Homem-Aranha 3 é tão ruim assim? Revisitando o último filme com Tobey Maguire
Homem-Aranha 3 é tão ruim assim? Revisitando o último filme com Tobey Maguire
Último projeto de Sam Raimi é marcado por decisões questionáveis, mas carrega uma reputação de ser pior do que realmente é
Com Sem Volta para Casa prestes a abraçar o Multiverso, pelo menos há certo consenso nas discussões na internet: o Homem-Aranha é um herói verdadeiramente querido, com uma enorme legião de fãs. Agora, toda essa paz vai pro ralo quando chega a pergunta de qual versão é a favorita de cada pessoa. Rapidamente os socos começam a voar, com argumentos sólidos a favor e contra qualquer um dos intérpretes do Teioso no cinema.
Tobey Maguire, que foi o primeiro Homem-Aranha das telonas no começo dos anos 2000, segue sendo o favorito de muita gente, especialmente pelos seus ótimos vilões e pela direção de Sam Raimi. Mas mesmo o Aranha veterano tem uma marca sombria em seu passado na forma de Homem-Aranha 3, o fim de trilogia responsável pela saída de Raimi dos filmes de herói após desentendimentos com a Sony Pictures, e por si só uma obra altamente bagunçada.
Isso significa que Homem-Aranha 3 é terrível? Não mesmo. Revisitar esse projeto tão infame em 2021, após duas novas encarnações do herói, é especialmente curioso para ver o conflito entre cineasta e estúdio, e também para reconhecer que mesmo um filme estufado de arcos e personagens ainda pode divertir e entregar momentos de qualidade verdadeira.
O que aconteceu nos bastidores de Homem-Aranha 3?
Lançado em 2007, Homem-Aranha 3 era um dos filmes de heróis mais esperados de Hollywood. Na época, ainda não havia o Universo Cinematográfico da Marvel (que só começaria no ano seguinte, com Homem de Ferro), e a franquia de Sam Raimi havia sido um dos poucos acertos das adaptações de HQs.
Os antecessores eram – e ainda são – obras excelentes, em especial Homem-Aranha 2 (2004), que elevou todas as qualidades do original ao entregar lutas intensas, dramas emocionantes e ótimos personagens. Até hoje, o filme do meio é considerado uma das obras-primas do gênero, portanto é fácil de entender o entusiasmo pela sequência.

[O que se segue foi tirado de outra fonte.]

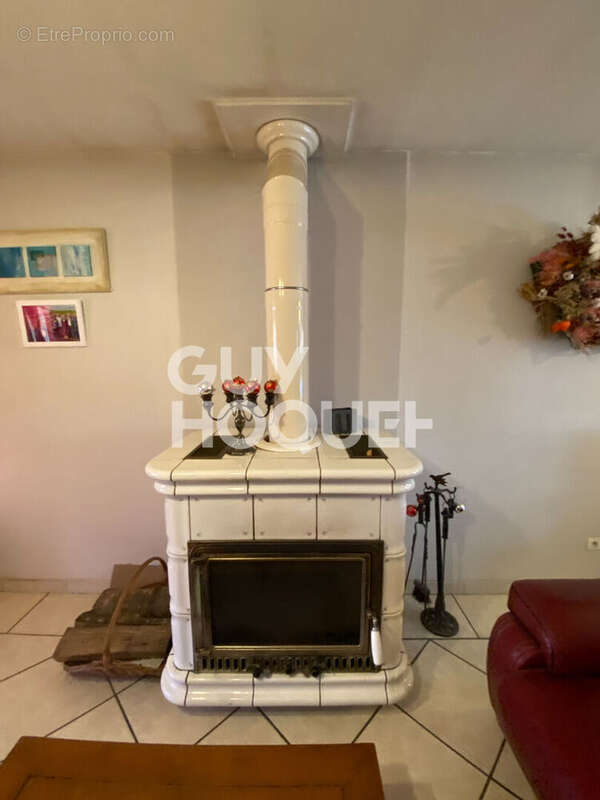 Maison à SAINT-MAGNE-DE-CASTILLON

O que chegou aos cinemas em 2007 não agradou tanto. Homem-Aranha 3 é um filme confuso, que se arrasta de forma inconsistente por suas 2h30 de duração, sempre apresentando mais e mais arcos e vilões, mas nunca desenvolvendo tudo propriamente. O filme teve recepção morna pela crítica, com uma modesta média de 63% de aprovação no Rotten Tomatoes. Já na bilheteria, o cenário é outro, e Homem-Aranha 3 se saiu muito bem, com arrecadação mundial de US$894 milhões – a terceira maior bilheteria daquele ano, ficando atrás apenas de Piratas do Caribe: No Fim do Mundo (US$960 milhões) e Harry Potter e a Ordem da Fênix (US$941 milhões).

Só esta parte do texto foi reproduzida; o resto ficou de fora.